The purpose of establishing these philosophical connections is not to prove that Babbitt was a German idealist, but to show how his philosophical leanings separated him from positivism. For him, the proper sphere of evidence about human life and letters is the simultaneously individual and trans-individual, trans-cultural, trans-historical consciousness in which permanence and change, unity and diversity are inextricably joined. The facts most relevant to the student of human action, thought and imagination are not the kind of atomic objects postulated by positivism. The relevant facts are the living phenomena of human self-experience. These facts, though always present to and marked by individual consciousness, are inextricably part of the universal whole and are meaningless outside of that whole. So-called empirical data are fragments from the whole that have been turned into "distincts" by abstraction, i.e., reification. As was suggested above, evidence of that reified kind makes sense to researchers in the humanities only because the researchers continue to live within the whole and because, in the act of interpretation, they partially reintegrate the "empirical" evidence into the whole. 

If it can be said that Babbitt advocated "a method of objective description," to use Professor Aldridge’s phrase, "objective" must not be understood in the ordinary positivist manner. Babbitt did want to give an accurate account of life and literature, but here the most important facts are not solids of some kind; they are not facts in the empirical-positivistic sense of discrete, inert "things." The subject matter of Babbitt’s investigations, as of any similar scholarly endeavors, is the immediate, irreducible sense of human existence as actually lived or imagined. The facts being scrutinized are potentialities of life belonging to a structured if forever changing human consciousness. Before they become objects of interpretation and philosophizing, the central facts of life and literature are experiential facts. They must be studied from within the whole of which they are a part, whatever the limits of intuition and personal experience of the particular student. Needless to say, works of art are intuitions of life that can only be understood and assessed in relation to the whole that they attempt to express.

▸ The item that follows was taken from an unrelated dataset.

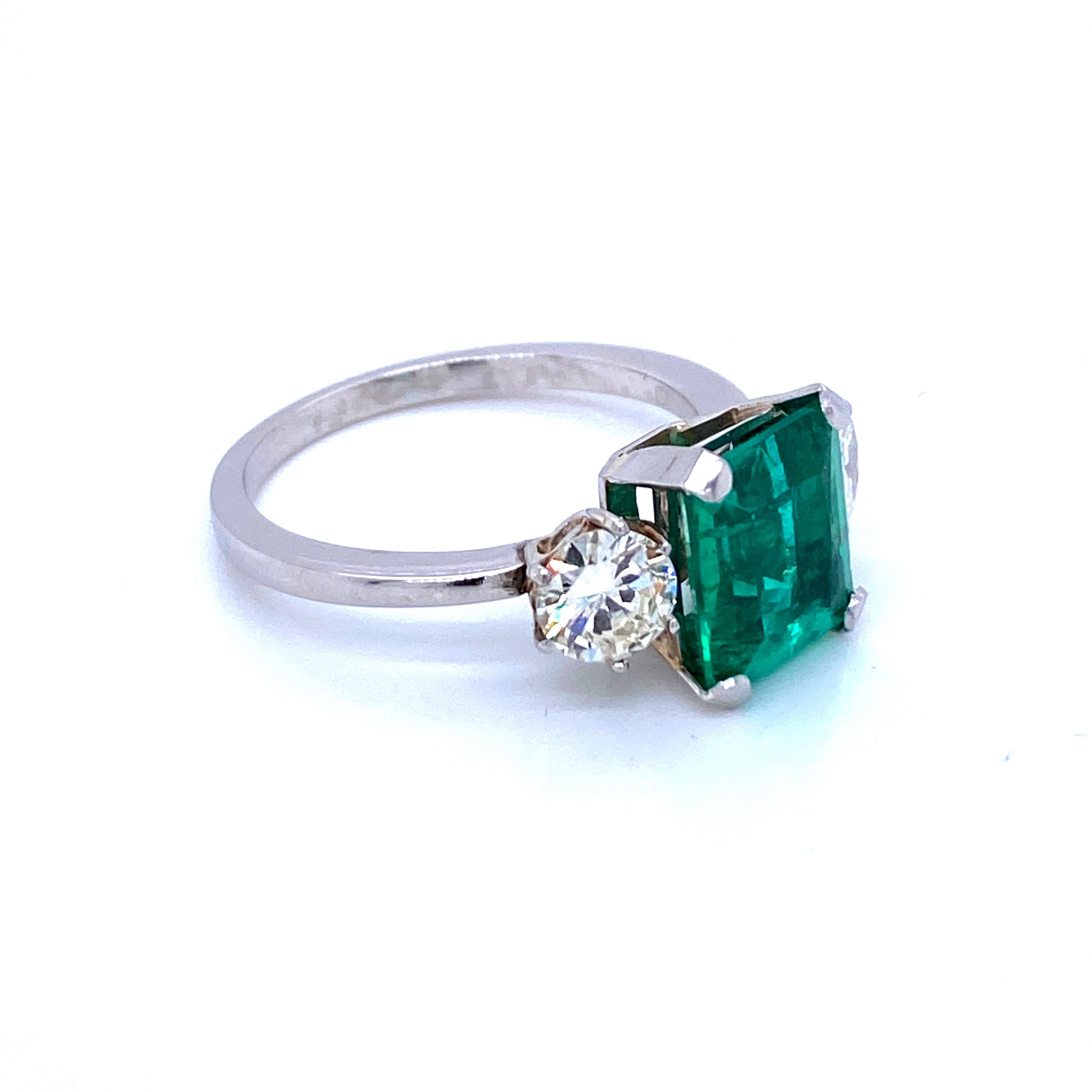 Estate Certified 2.75 Carat Colombian Emerald Diamond Platinum Ring 1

Scholarly Illumination of the Whole

Humanistic scholarship frequently studies the life and work of particular persons. Often it studies particular movements or epochs. Yet, through the particular, it is trying to better understand all of humanity. It was for Babbitt self-evident that the history of mankind, displaying both the depravity and glory of human life, provides indispensable illumination of the present. The study of the past is a powerful antidote to idiosyncrasy and superficiality regarding human nature. With deep approval, Babbitt quoted Goethe’s statement that one should juxtapose to the aberrations of the hour the masses of world history.

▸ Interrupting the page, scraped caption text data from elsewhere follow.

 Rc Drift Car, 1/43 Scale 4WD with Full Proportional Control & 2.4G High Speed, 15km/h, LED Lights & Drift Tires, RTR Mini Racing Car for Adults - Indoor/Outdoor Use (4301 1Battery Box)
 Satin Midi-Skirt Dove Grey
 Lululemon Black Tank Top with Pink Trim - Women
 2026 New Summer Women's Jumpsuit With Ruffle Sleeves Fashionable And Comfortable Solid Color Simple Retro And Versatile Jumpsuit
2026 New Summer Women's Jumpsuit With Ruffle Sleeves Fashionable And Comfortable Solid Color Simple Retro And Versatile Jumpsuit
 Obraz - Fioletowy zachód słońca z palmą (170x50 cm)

Scholars in the humanities and social sciences must of course marshal the kind of evidence that is most pertinent to their particular disciplines. Depending on their orientations, the evidence may be predominantly literary and artistic, historical and philosophical, or historiographic and documentary. In each instance, what gives meaning and the right proportions to the particular material is how it fits within the whole. The most systematic and concentrated study of human experience is philosophy. Good philosophy explores the enduring forms of human life—will, imagination and reason—consulting the forever expanding historical record of what human beings have wrought. The complexity and range of human life calls for a wide variety of research. Specialization is a necessary aspect of all serious scholarship. And yet specialization that loses itself in its specialty by deliberately or inadvertently disconnecting its "facts" from the enduring human consciousness loses its human significance. This is the case, for example, when history, potentially one of the most humane of academic disciplines, becomes instead, in that apt if brusque phrase, just "one damn thing after another." 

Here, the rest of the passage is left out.